The foreign-exchange market “went berserk” last week, as James Mackintosh put it in the FT. On Wednesday, the yen surged past ¥79.75 to the US dollar. That matched its previous post-1945 high against the greenback, reached in 1995 after the earthquake in Kobe. It then jumped another 4% within just 20 minutes.

Why the yen rocketed

One reason why the currency jumped is that it has long been viewed as a global safe haven. But leveraged investors unwinding carry trades reinforced the move. Carry traders borrow low-yielding yen, sell them and invest the proceeds in higher-yielding currencies such as the Australian dollar.
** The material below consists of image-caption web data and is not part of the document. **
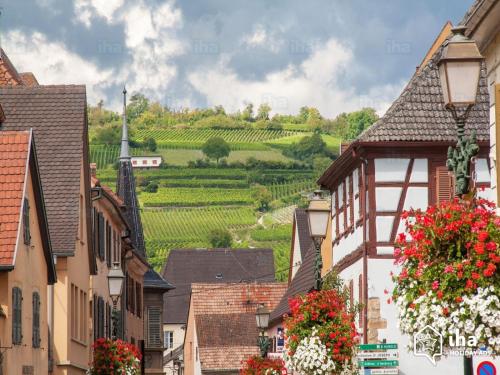Surrounding environment, Ideal sejour Alsace ! proche Colmar et sur la route des Vins, Gite de la Liberte in Rouffach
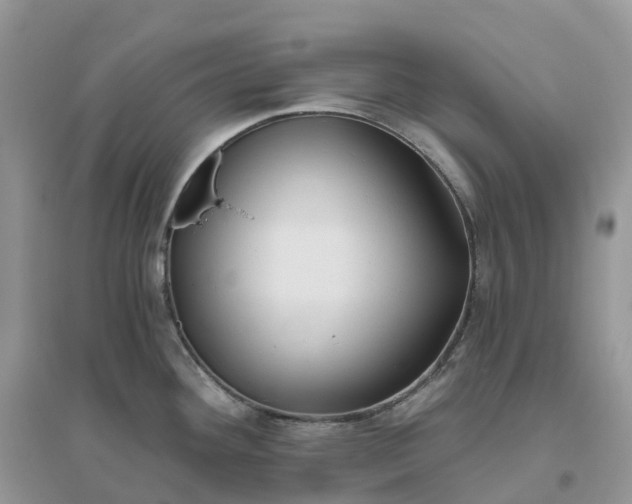 X0000096181292200802011333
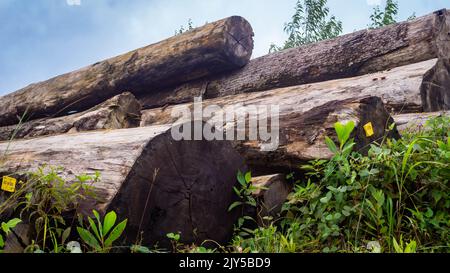 Bois tropical de Bornéo empilé dans une cour en bois. Contexte agricole Banque D'Images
A sharp rise in the yen causes a loss on these trades, prompting investors to unwind them and thus buy back yen.

Moreover, investors bet that Japanese firms, notably insurers, will repatriate money from selling overseas assets, causing widespread yen buying. The upshot was that the yen was soaring just as Japan needed a boost from exports to spur growth. For a big exporter, a stronger currency is a form of monetary tightening, “which it needs like a hole in the head”, says Jeremy Warner on Telegraph.co.uk.

  • For an explanation of the yen carry trade, see Tim Bennett’s video tutorial: carry trades

To lower the yen, the world’s seven major industrialised nations approved late last week the first multilateral intervention in currency markets since 2000. Back then they banded together to shore up the euro. After major central banks sold around $25bn worth of yen late last week, it fell and steadied at around ¥81 to the dollar.

What next?

As Richard Fletcher notes in The Daily Telegraph, whether G7 intervention succeeds in stabilising the yen, or whether any further interventions will be needed, will only become clear over the next few months. But the danger of further yen gains seem smaller than many believe.
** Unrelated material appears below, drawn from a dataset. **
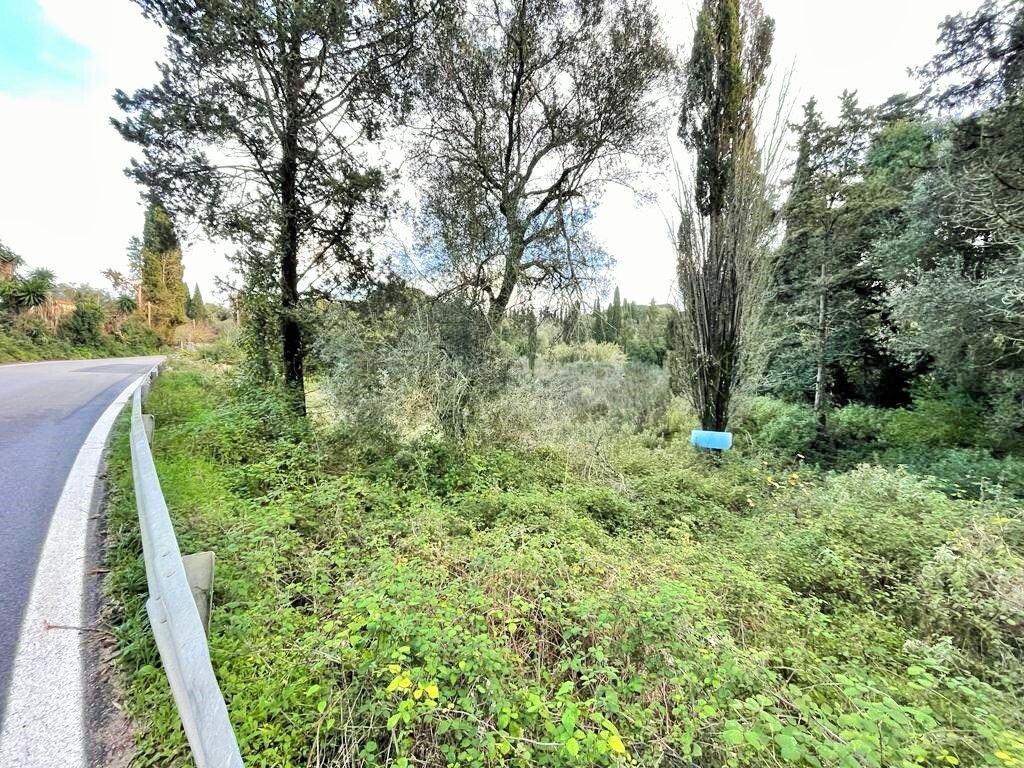 Земля на Корфу, Греция, 6 145 м² - фото 3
Dig into “the hard numbers”, and speculation that life- and non-life insurers are set to repatriate cash after ditching overseas assets “looks to be a false alarm”, says Hideyuki Sano on Reuters.com. As far as life insurers are concerned, over half their foreign bonds are currency-hedged. And their overall currency exposure amounts to just 5% of total assets. Even assuming a hefty hit from the earthquake, it’s hard to see their forex-selling amounting to more than ¥10bn-¥20bn. That’s a tiny sum in the context of a forex market with a daily turnover of $4trn. Non-life insurers’ sales would be bigger, but still hardly significant.

In any case, insurers have plenty of cash reserves and would dip into Japanese government bond holdings “if the worst came to the worst”, according to Yuji Saito of Crédit Agricole. “They have no reason to sell foreign assets.” And banks, “flush with deposits, are unlikely to need extra money to cover their losses on Japanese stocks”, adds Wayne Arnold on Breakingviews.com.

Yen strength will be short-lived

The idea that repatriation could drive up the yen stems from the widespread belief that this was the key reason the yen rose after Kobe. But Japanese authorities have contested this idea. Mizuho’s Jonathan Allum points out that, in March 1995, a few weeks after the Kobe quake, there was less repatriation than in the same month in 1994 and 1996. It seems “repatriation is just another urban myth”.

The strong yen is also largely due to dollar weakness: on a trade-weighted basis (against a basket of trading partners’ currencies), the yen is weaker than it was for much of the 1990s. Besides, says Mansoor Mohi-uddin of UBS, the cost of reconstruction, along with the near-term hit to the economy, will put more strain on public finances. More money printing, and the fact that Japan looks further away from raising interest rates than other major economies, also imply a weaker currency. So yen strength “is likely to be short-lived”.